Looking at his career to date, Young says: “Half of my brand was created the first time I was on TV. The other half was Leave Right Now.”

Why does he think he’s lasted where so many others haven’t?

“I think the primary thing is the music; I think people can forget that you can have all the stuff that’s on the periphery and if the music’s good enough it will stand up. I think I learned that very quickly, probably the first time was Leave Right Now.

“My career definitely hung in the balance then, it was like ‘okay, let’s see what this person can do from a reality show’. Leave Right Now, crept up, crept up, crept up and then suddenly it charted at number one, I sold a million albums in three-and-a-half weeks and it was voted one of the top five songs in the last 20 years at the Brits.

“I think that’s the power of the song and I’ve always believed in making great music that’s honest and comes from an honest place and working with people such Steve Lipson, having Simon Fuller as a manager or having Richard X producing this record who I can learn off and who I can trust and let them do their thing to make a great record.”

On the subject of different challenges, Young took two breaks from recording Echoes; one of which involved heading to Serbia to watch his investment co-producing a Ralph Fiennes’ directed and starring film of Shakespeare’s Coriolanus; helping him flex another intellectual and creative muscle. No worries working alongside Voldemort then?

“No,” he laughs.

“That’s coming out end of this year; it was a really great thing to do. That’s the great thing about this job, we can take time to do other things and invest in other creative projects.

“To invest in one of the lesser known Shakespeare plays - which is actually his noisiest play, it’ got the most amount of musical direction than any of his others - was such a treat. To work with people like Ralph was an honour.

“It’s shot by the same person who shot the Hurt Locker; who would have thought it, from winning Pop Idol to be a part of such projects as this is great.

“The story is amazing. It’s very political, obviously; the parallels to now are so weirdly on it - the watering down of the elitism of politics and having to take it to the masses.”

On the subject on politics and the masses, he also ran in this year’s London Marathon in aid of the youth charity Catch22; which brings us to the recent riots.

Young has made it clear he feel young people have been let down over the last 15 years by successive governments; blaming people’s dissatisfaction and disenfranchisement on the desire for profit driving everything.

“My concern is all young people are going to be tarred with the same brush and I think that’s been happening anyway in the last few years.
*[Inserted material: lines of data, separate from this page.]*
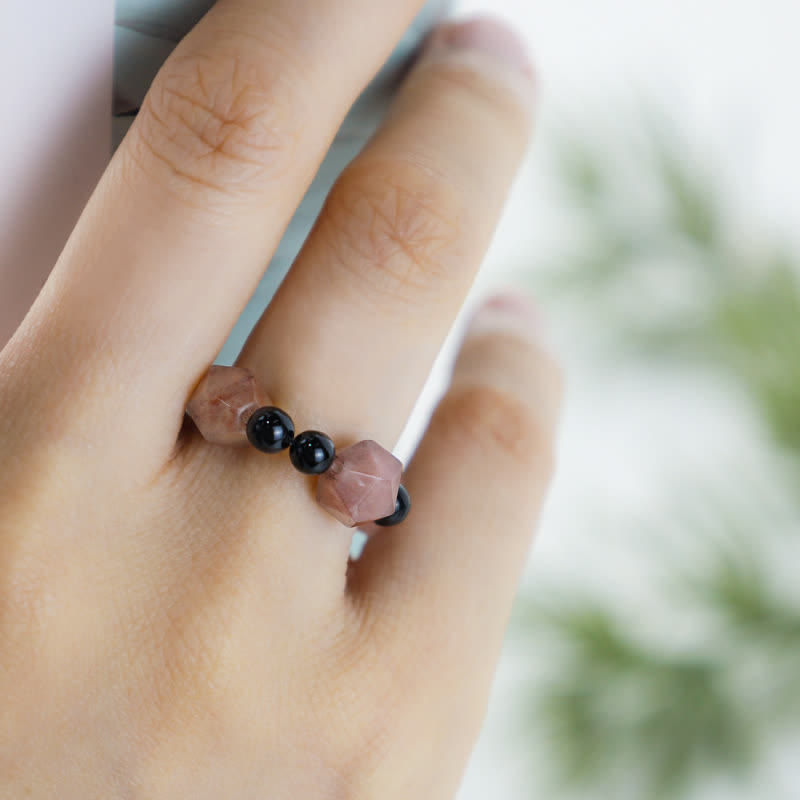Buddha Stones Yin Yang Symbol Balance Luck Ring - image 6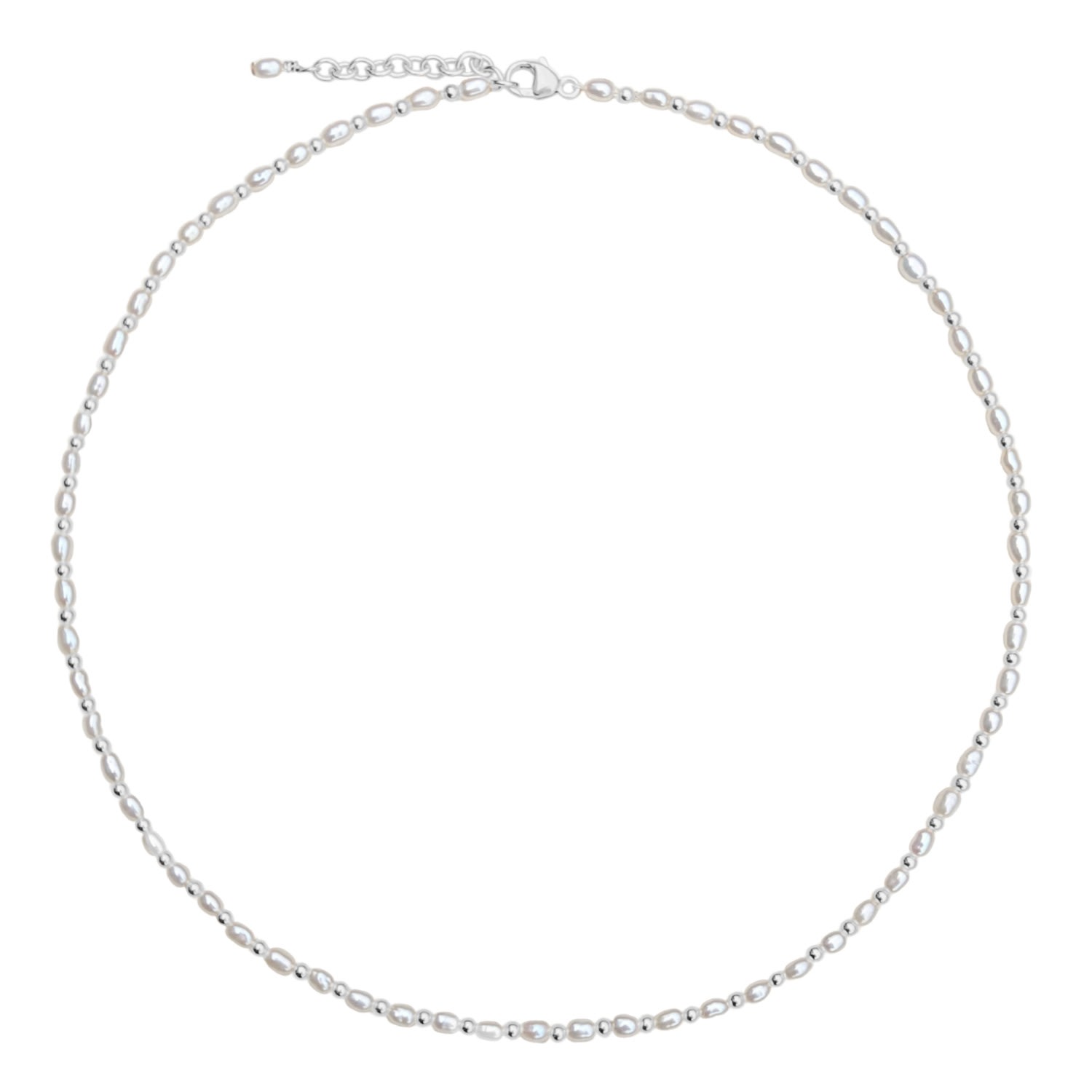 Women’s Nina Tiny Pearl And Silver Bead Necklace Kiri & Belle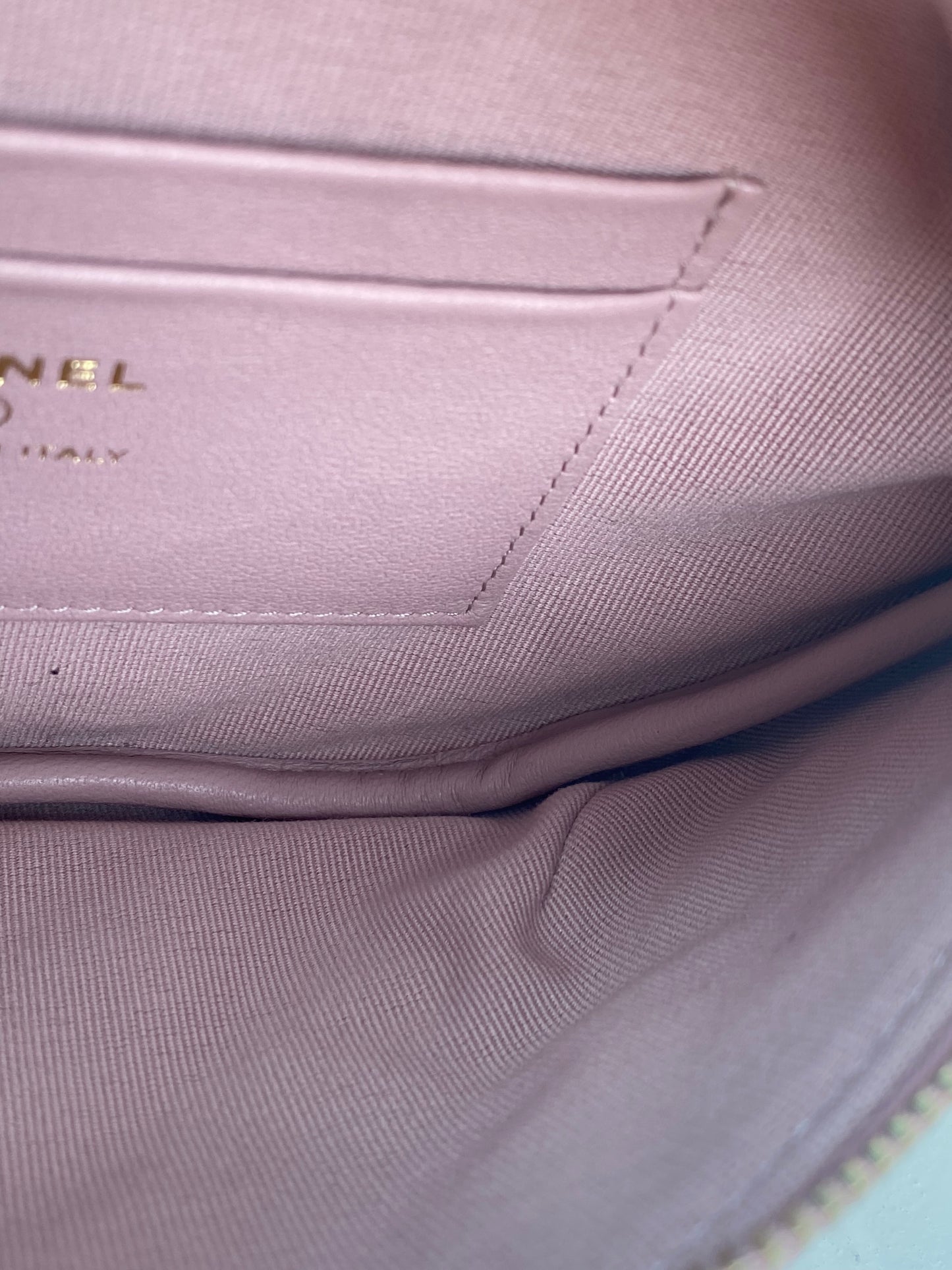 Chanel Pink Caviar Coco Crush Heart Bumbag GHW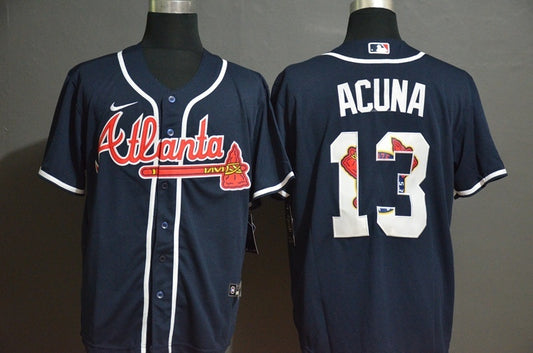 Atlanta Braves #13 Ronald Acuña Jr Style 2
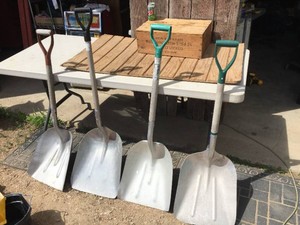 (4) Aluminum Scoop Shovels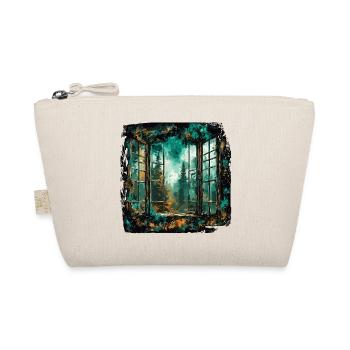 Window in the Forest / Trees / View / Wilderness - Organic Pouch - nature - Front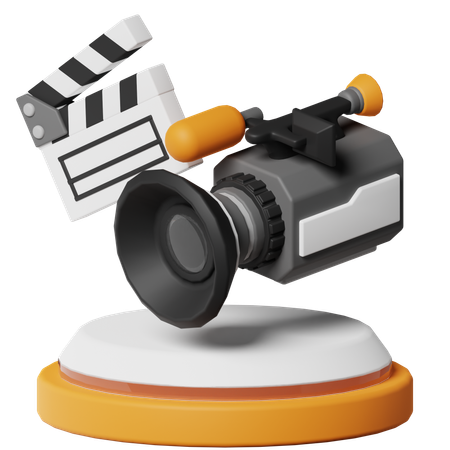 Producción de películas  3D Icon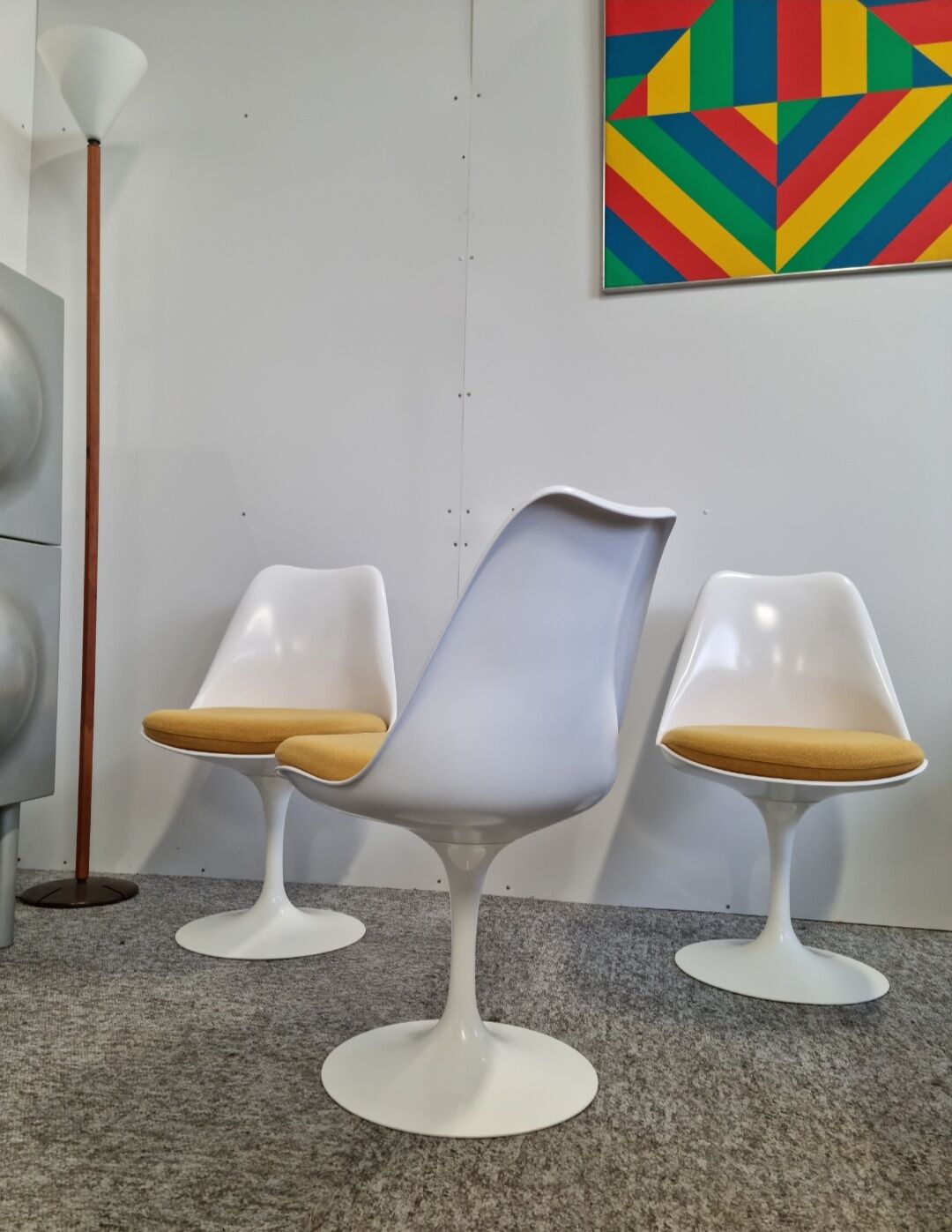 Lot de 3 chaises Tulip d'Eero Saarinen édition Knoll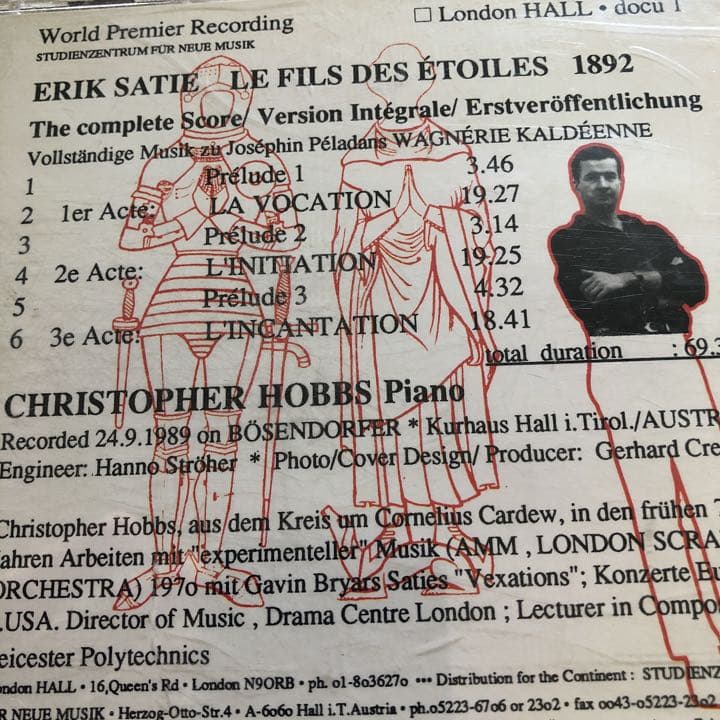 satie le fils des etoiles  入手困難品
It’s a two-way relationship with young people, they learn from adults but adults also learn from them; they’re very smart, very savvy.

“I think the silver lining in this whole thing is that young people do learn very quickly; they just need some self-belief and to be shown the right path and then they’ll take it; adults are a lot more complicated.”

It’s clear Young is focusing on what makes him happy rather than others.

“I don’t think I was mature enough at the start, because of where I’d come from, to trust my own decisions,” he confesses.

“It was a bit like moving east now. If I’d done it earlier it would’ve been for the wrong reasons. It would’ve been trying to be cool. It’s the same thing with music.

“Because of the platform I’d come from I was desperate to be accepted in an area I wasn’t accepted in. If you’d told me I could’ve had a pop at being in Kerrang magazine then I would’ve tried it.

“That was my mentality for the first few years of my career. Whoever doesn’t like me, I want to do that. Therein disaster lies. Now I want to make music and try new things not to be accepted by other people but to please me. Everything from curating to creating this record has been about making me happier.”

Young’s looking forward to bringing his new tour to Ipswich on November 4.

“It’s nice to come back with Echoes. I had the greatest hits last year and that was like a mark in the sand and now it’s a new sound and it’ll be really good to do live, it’s quite an upbeat album.”

Any message for the fans coming to see him?

“Just please laugh at my jokes.”

A Night with Will Young, where he’ll showcase old favourites and new tracks and take questions from his audience, is on ITV1 at 9pm this Saturday.